ただし、任意で償却できるとも国税庁の資料では示されているので実際には支出した金額すべてを経費処理しても問題ないという事になりますね。

参考:国税庁資料「繰延資産の範囲について」

これなら最初から消耗品費や旅費交通費として処理しても良い気もしますが、厳正に税務会計処理に載っとるのならば下記のようになります。

期中:開業費として繰延資産に計上
期末(決算):繰延資産償却として開業費を取り崩す

と、具体的な処理をお話しましたが、今まで開業費が否認された(経費として認められない)事例は聞いた事がありません。  

確定申告をする個人事業主へのアドバイス

確定申告の期間

開業前の立替経費分は開業後に無税で会社や事業口座から返金可能

物理的に代表者や個人事業主が開業前は立替をして経費を支払うかと思います。

それでは独立開業前の経費に使ったお金は誰が負担するのでしょう? 立替分を法人口座や事業口座から引き出すのに税金がかかるのでしょうか?

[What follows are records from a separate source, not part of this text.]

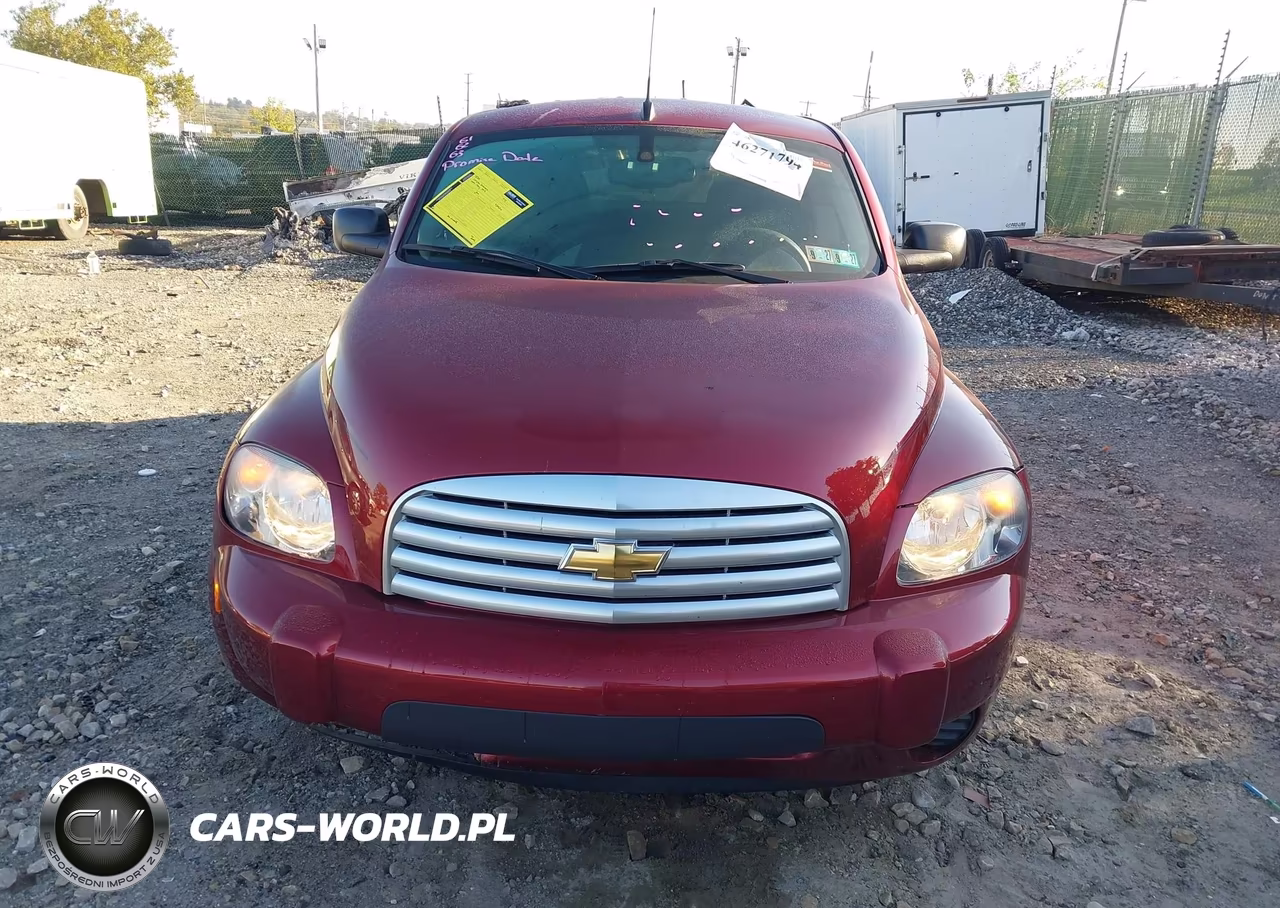 2009 Chevrolet Hhr Ls VIN:3GNCA13B29S529556 - 6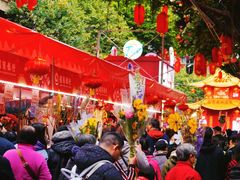 -越秀西湖花市(广州城市广场花卉店)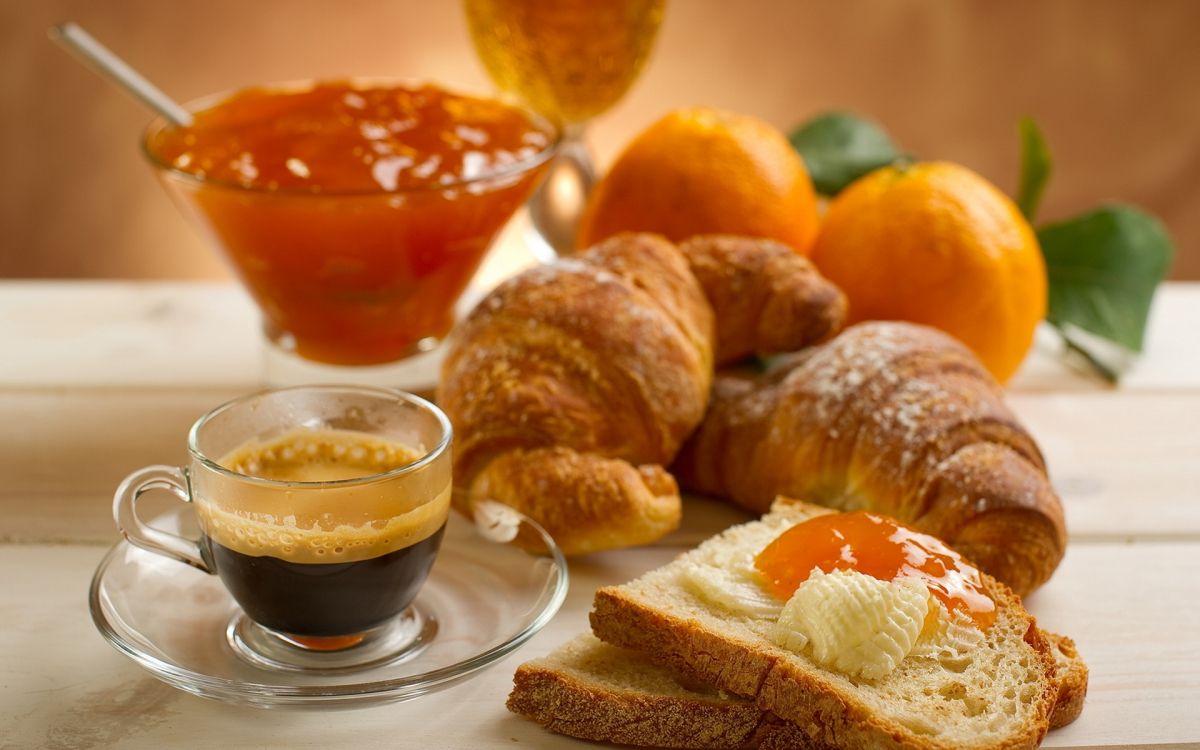 bread on white ceramic plate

ご安心ください。それら立替した金額というのは法人が設立されたり、事業用の資金が明確になってから自由に引き出す事ができます。

余談ですが、法人の場合には立替金というようりも「役員借入金」や「短期借入金」という科目を使用します。 これらは会社が役員に借金している金額なので給与扱いなどせずに返金してもらえるお金となります。

いずれにせよ日頃から領収書はしっかり保管しておくこと

開業費にするにしても経費にするにしても領収書やレシートの存在が必要です。

最近はネットでの購入はメールで購入明細が載って来るでしょうが、それらのメールもしっかりと保管しておいてください。

なお、厳密にはクレジットカードの明細は税法では証憑(しょうひょう)として認められないとされています。 納得いかないかもしれませんが、税法で定められている以上店舗などでクレジット購入した場合にはレシートや領収書は渡されるでしょうから保管してくださいね。  

 

以上がお伝えしたかった2019年以確定申告をする個人事業主が経費の期間についての内容となります。本稿が少しでもあなたのお役に立てたら幸いです。

最後までご覧いただきまして、ありがとうございました。